Given information below:
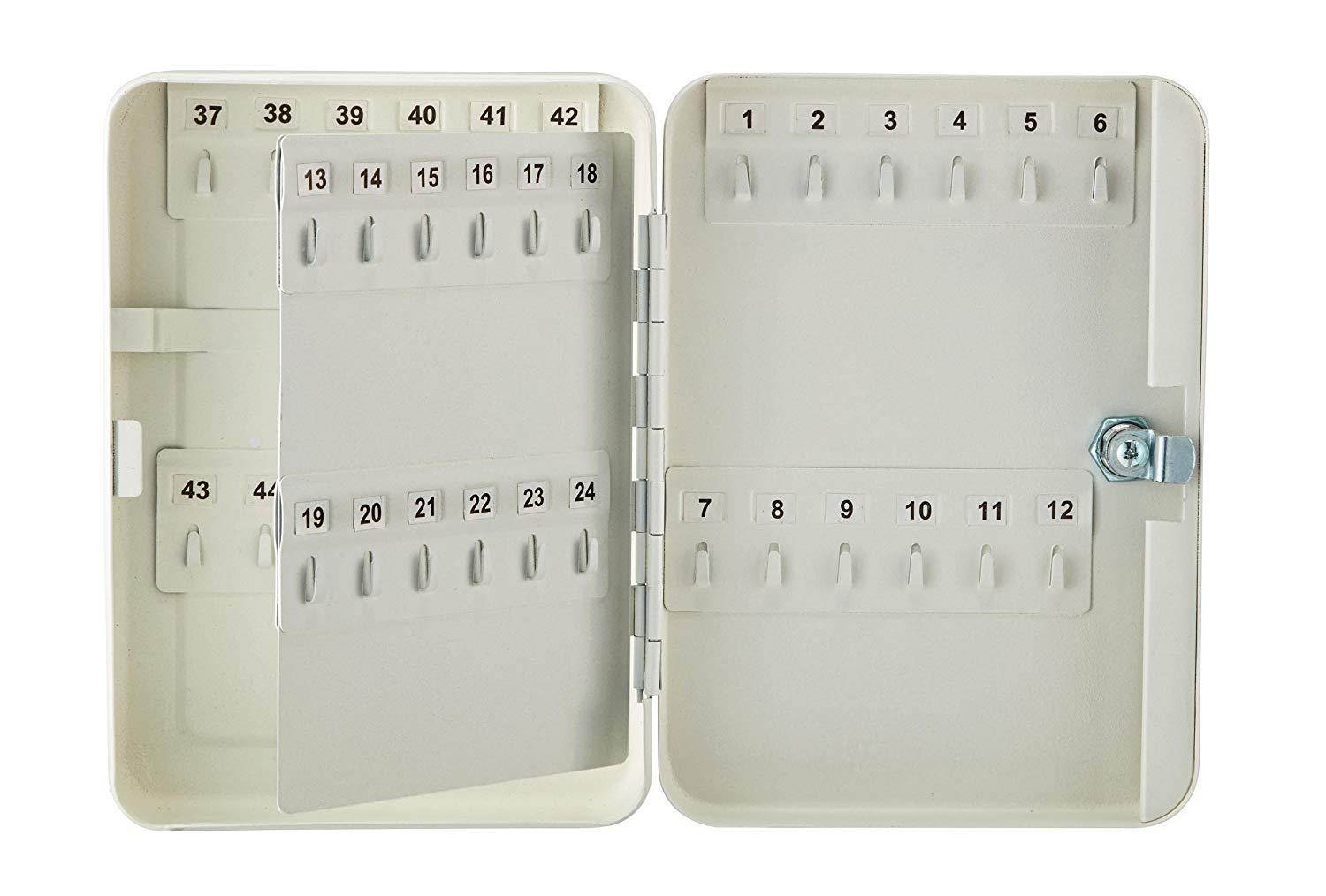 AdirOffice Key Steel Security Storage Holder Cabinet Valet Lock Box (48 Key, White)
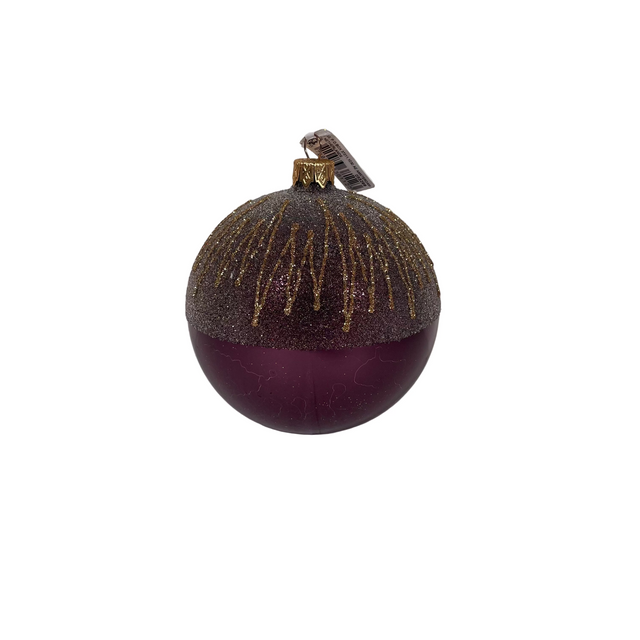 Glass bauble 10cm - Purple with gold squiggles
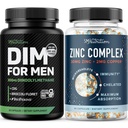 טסטוסטרון Zinc Complex & 300mg DIM תוספת לגברים עבור Estrogen Metabolism ותמיכה טסטוסטרון | Microbeadlet Zinc תוסף (60 משרתים) עם DIM Complex for Men (60 משרתים)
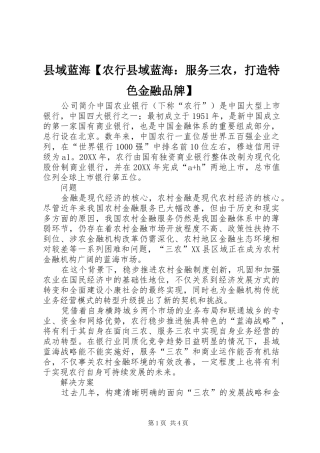 2024年县域蓝海农行县域蓝海服务三农，打造特色金融品牌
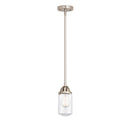 Dover Mini Pendant shown in the Brushed Satin Nickel finish with a Clear shade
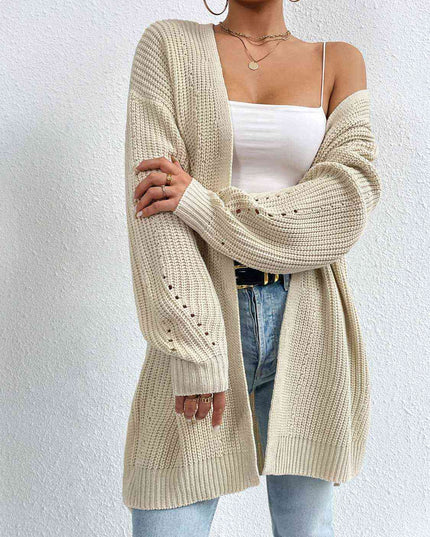 Open Front Dropped Shoulder Slit Cardigan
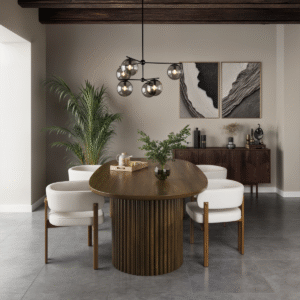 3228672 Odilia 5-PIECE DINING SET - WALNUT/CREAM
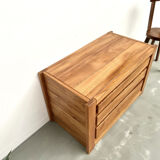 Commode en orme massif, Maison Regain, circa 1970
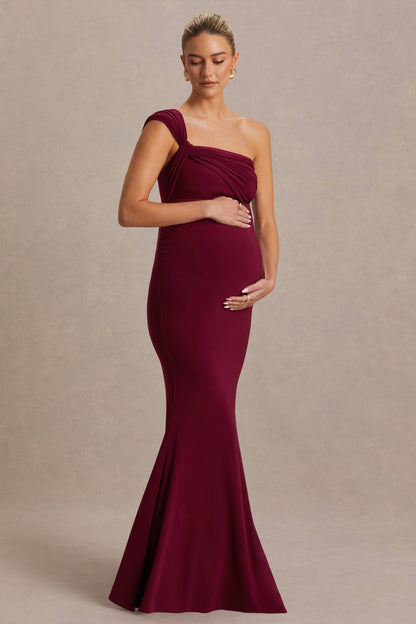 Mila | Vestido Largo Burdeos con Escote Asimétrico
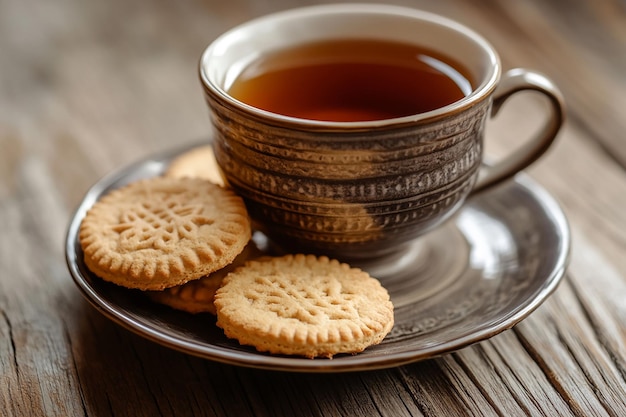 a cup of tea and cookies on a plate with a cup of tea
End of Given information.
[Exercise objective]
The line with "2024年县域蓝海农行县域蓝海服务三农，打造特色金融品牌" and each line after it, through the final line of the data, are to be duplicated exactly, with pictures left out and nothing more included.

[Task result]
 2024年县域蓝海农行县域蓝海服务三农，打造特色金融品牌
 Dover Mini Pendant shown in the Brushed Satin Nickel finish with a Clear shade
 Open Front Dropped Shoulder Slit Cardigan
 3228672 Odilia 5-PIECE DINING SET - WALNUT/CREAM
 Commode en orme massif, Maison Regain, circa 1970
 Mila | Vestido Largo Burdeos con Escote Asimétrico
 a cup of tea and cookies on a plate with a cup of tea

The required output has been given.